Highways here are very busy and chaotic, two lanes often transforming into three and four lanes depending on who is doing what.  After a  year here, I am less shocked these days, but my heart jumped when I glimpsed a crippled man walking on his buttocks on the side of the highway the other day.  He would have been invisible to drivers in higher vehicles and was on the side of the road which often turns into a third or fourth lane.  Children play and cycle on these road sides, cattle and horses travel amongst the traffic, etc.  The only rules in place are to be polite and it is very rare to see any form of irritation from drivers, let alone road rage.  Vehicles drive across to the other side of the road when preparing to turn, expecting oncoming traffic to simply wait for them, and that’s exactly what the oncoming traffic does.  Despite the polite way in which everyone shares the road, it is not surprising that there are a high number of accidents.  Driving away from Kampong Cham the other day we passed the scene of what looked like it could have been a fatal accident which occurred almost directly over the road from a sign in English: “Welcome to Cheung Prey District.  Think of your safety”.

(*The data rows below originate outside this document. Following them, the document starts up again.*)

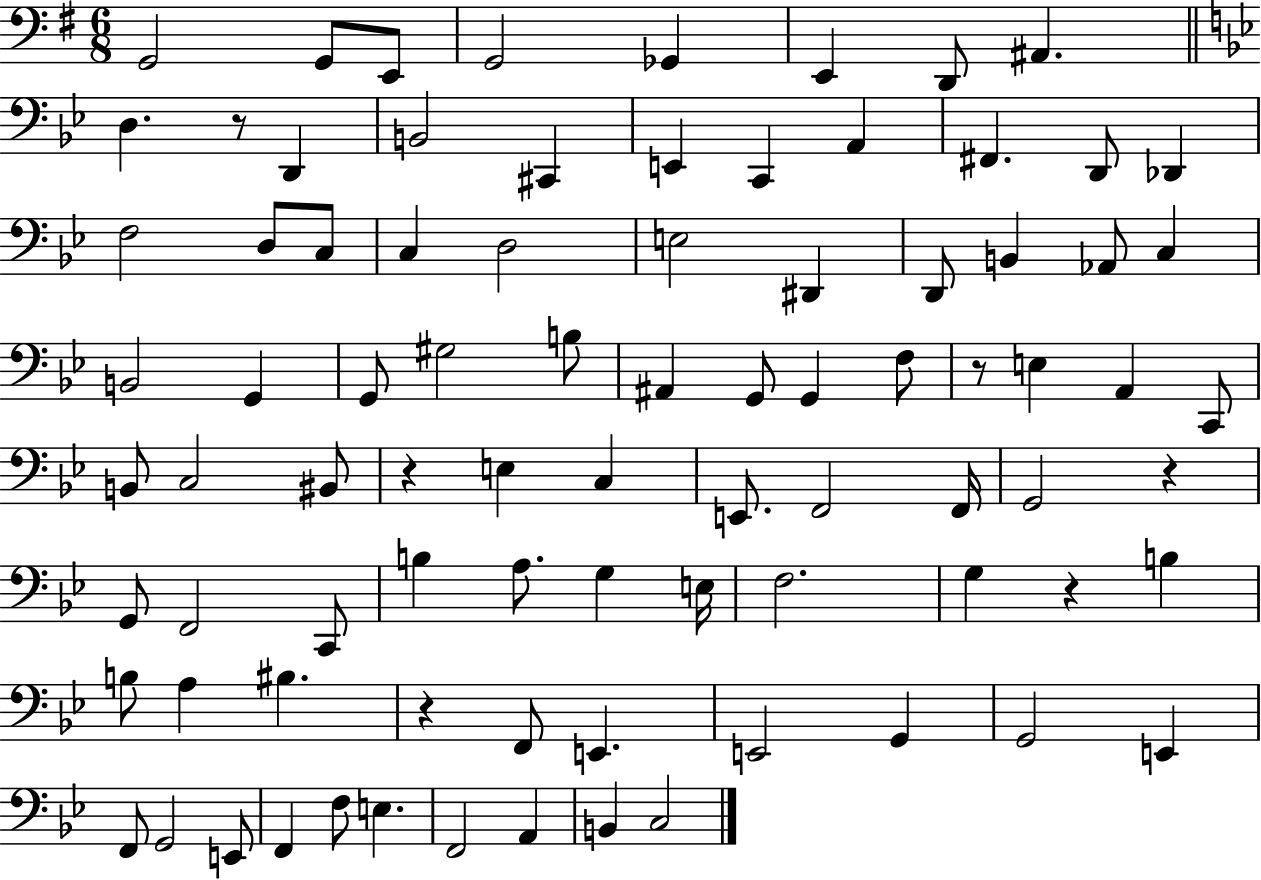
G2/h G2/e E2/e G2/h Gb2/q E2/q D2/e A#2/q. D3/q. R/e D2/q B2/h C#2/q E2/q C2/q A2/q F#2/q. D2/e Db2/q F3/h D3/e C3/e C3/q D3/h E3/h D#2/q D2/e B2/q Ab2/e C3/q B2/h G2/q G2/e G#3/h B3/e A#2/q G2/e G2/q F3/e R/e E3/q A2/q C2/e B2/e C3/h BIS2/e R/q E3/q C3/q E2/e. F2/h F2/s G2/h R/q G2/e F2/h C2/e B3/q A3/e. G3/q E3/s F3/h. G3/q R/q B3/q B3/e A3/q BIS3/q. R/q F2/e E2/q. E2/h G2/q G2/h E2/q F2/e G2/h E2/e F2/q F3/e E3/q. F2/h A2/q B2/q C3/h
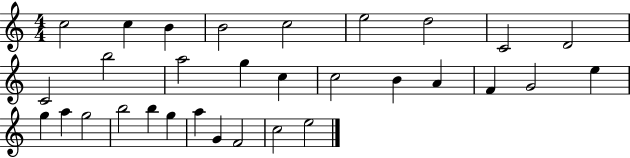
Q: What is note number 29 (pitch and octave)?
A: F4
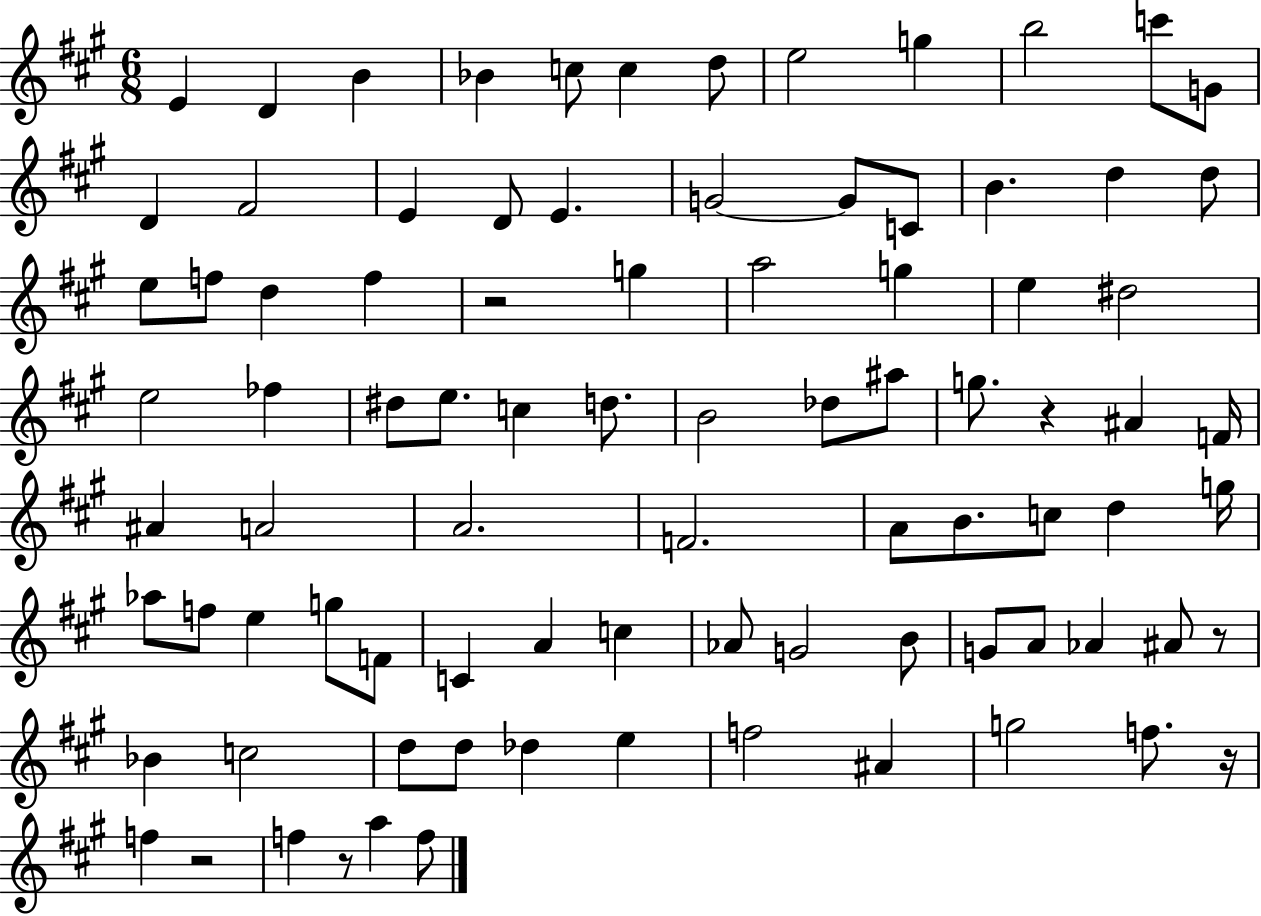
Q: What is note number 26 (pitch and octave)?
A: D5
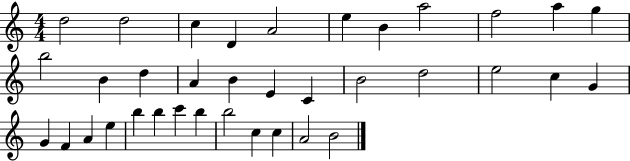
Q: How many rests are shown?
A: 0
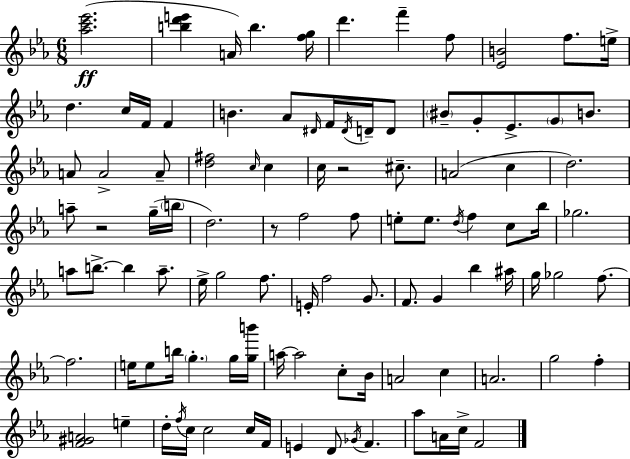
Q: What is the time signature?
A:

When road accidents involve injury or fatality, an exchange of money occurs.  One of my staff was involved in a fatal traffic accident near the end of last year.  His son was driving a car which was hit by a motorbike and the moto driver was killed.  Despite it being the motorbike’s fault, which drove into the car from a side road, the car driver paid $1000 to the deceased man’s family.  A huge amount of money for someone earning $300 per month!  Dara, my little amputee friend, lost his leg in an accident with a motorbike.  He was apparently on the side of the road when a moto hit him.  The other day a Khmer friend met his family with me and, discussing his leg, asked Dad if they received a payment from the driver?  The answer was no because the driver blamed the parents for letting their 4yo play on the road.  So while it’s common, it seems to be connected in some way to blame, although not in a strict or easily understood way.

It’s always difficult to fully understand another culture as an outside observer.  In his usual wisdom, Win said to me when we were discussing the police fines, “when we don’t know something, we don’t realise what we don’t know.  Before you didn’t even see things but now you are starting to realise how much you don’t see or understand”.